Assume that a nonprofit entity must invest for the long term in order to be successful but is reluctant to do so because of the unexpected short term. Furthermore, this organization faces a potential liquidity challenge during periods of economic contraction (part of every market cycle). This represents a perfect use of a securities-based line of credit as bridge financing to create liquidity during short-term periods of distress. This gives nonprofit leaders the confidence to invest properly for the long term without incurring the risk of selling securities for losses to cover short-term cash flow needs. In the authors' opinion, every nonprofit with a long-term investment fund should consider whether a securities-based line of credit would be suitable to help them cover short-term liquidity needs.

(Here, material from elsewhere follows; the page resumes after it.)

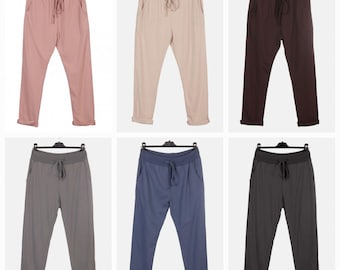 Women Ladies New Italian Elastic Waist Joggers Cotton Trousers Summer Plus Size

An alternative to holding large amounts of cash (in a low-interest-rate environment). The comfort of liquidity bears a large price tag. Although these authors are strong advocates for maintaining an adequate reserve fund, it is their experience that many nonprofits hold entirely too much cash on their balance sheet The irony is that fiduciaries believe they are protecting the institution through this approach, when they are doing just the opposite, in the authors' opinion. Holding too much cash, especially in today's historically low interest rate environment erodes the purchasing power of institutional resources and carries the opportunity cost of foregone income and growth. Securities-based lines of credit can help fiduciaries faced with this dilemma by reducing the amount of cash they hold on their balance sheet.

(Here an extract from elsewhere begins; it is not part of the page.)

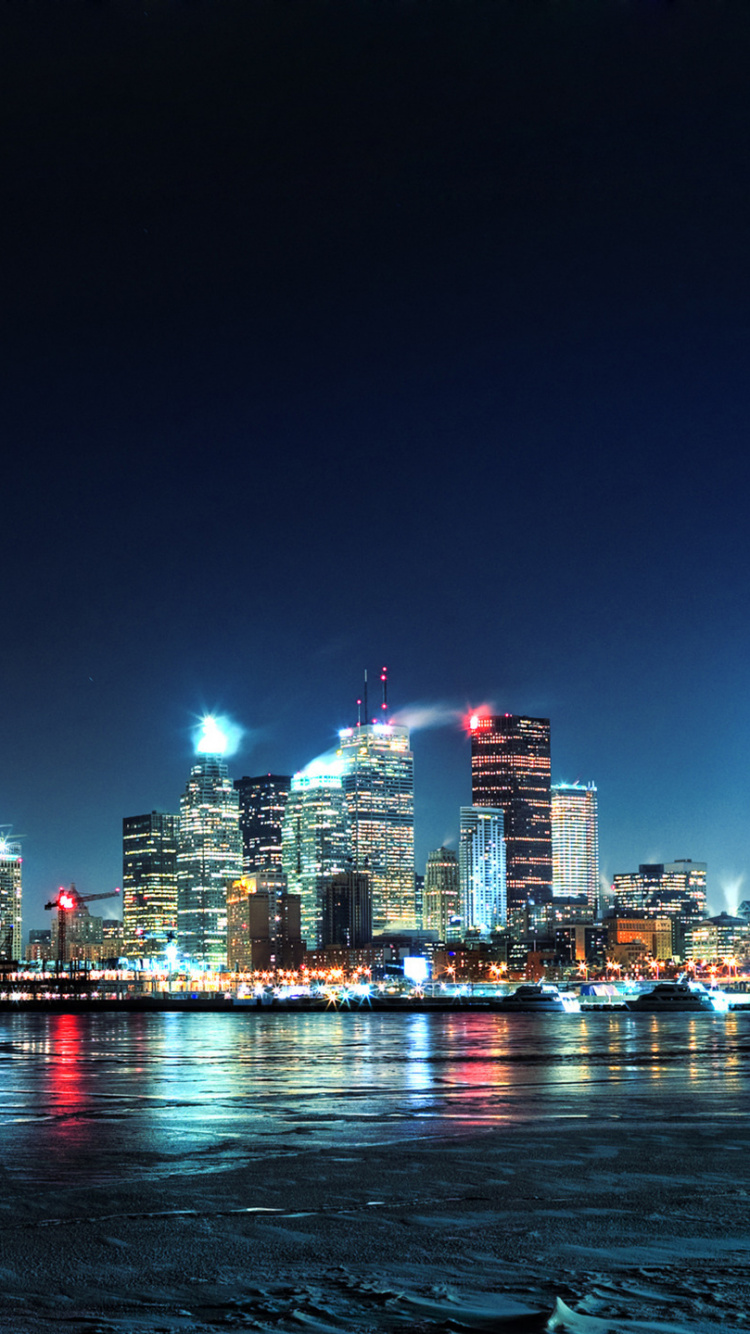 Обои ночь, ориентир, город, городской пейзаж, метрополия в разрешении 750x1334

Bridge financing for real estate transactions. As seen in the first application above, securities-based lines of credit are an excellent source of short-term bridge financing. The quick and low-cost nature of securities-based lines of credit could be preferable to more traditional real estate financing under the following circumstances:

* During the contemporaneous purchase and sale of property, where the purchase of new property is consummated prior to the sale of existing property

* When the sale of existing property requires expensive renovations

* When construction financing is expensive or unattainable (a securities-based line of credit can be used to build the property and can be replaced with traditional financing once completed)

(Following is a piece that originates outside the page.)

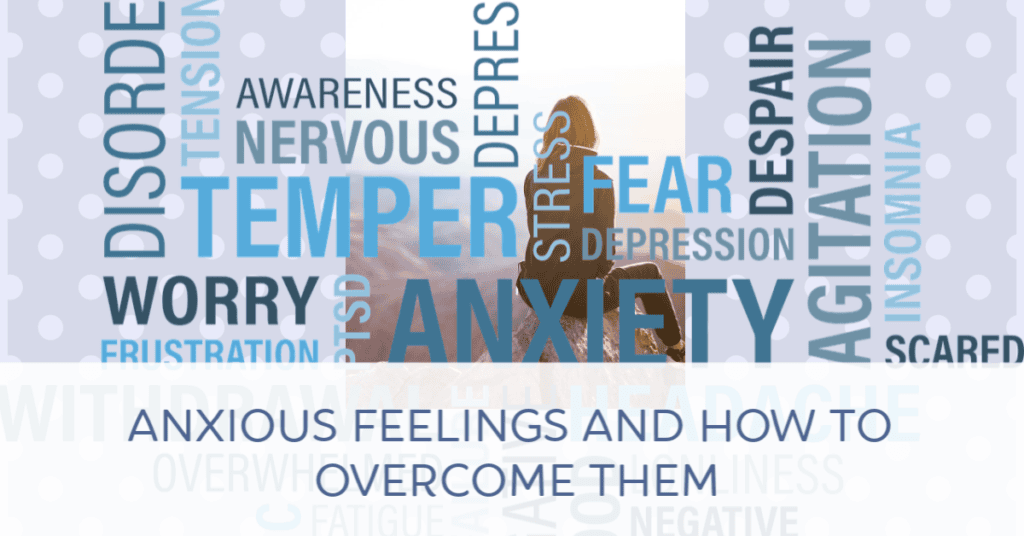 chart with anxiety feeling words and how to use them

* If being a cash buyer will make a purchase offer more competitive (the securities-based line of credit can be used to purchase the property and can be replaced with traditional financing once the sale is completed).

Misapplication of Securities-Based Lending

Perhaps more important than knowing when to use a securities-based line of credit is understanding when not to use one. Although they can be a valuable source of bridge financing, securities-based lines of credit should not be viewed as a permanent source of long-term funds without an exit strategy. In other words, nonprofits should not use them as a means to go over budget year after year. Continuing to withdraw funds from an available line of credit without a strategy for repaying the accrued balance is not an effective use of a securities-based line of credit or a sustainable business strategy.

Although the risk of misapplication exists, securities-based lines of credit can be a useful strategy that nonprofits and their advisors should consider. When used properly, the cost efficiency, speed, and flexibility of a securities-based line of credit can make it one of the best liquidity tools in a nonprofit's arsenal.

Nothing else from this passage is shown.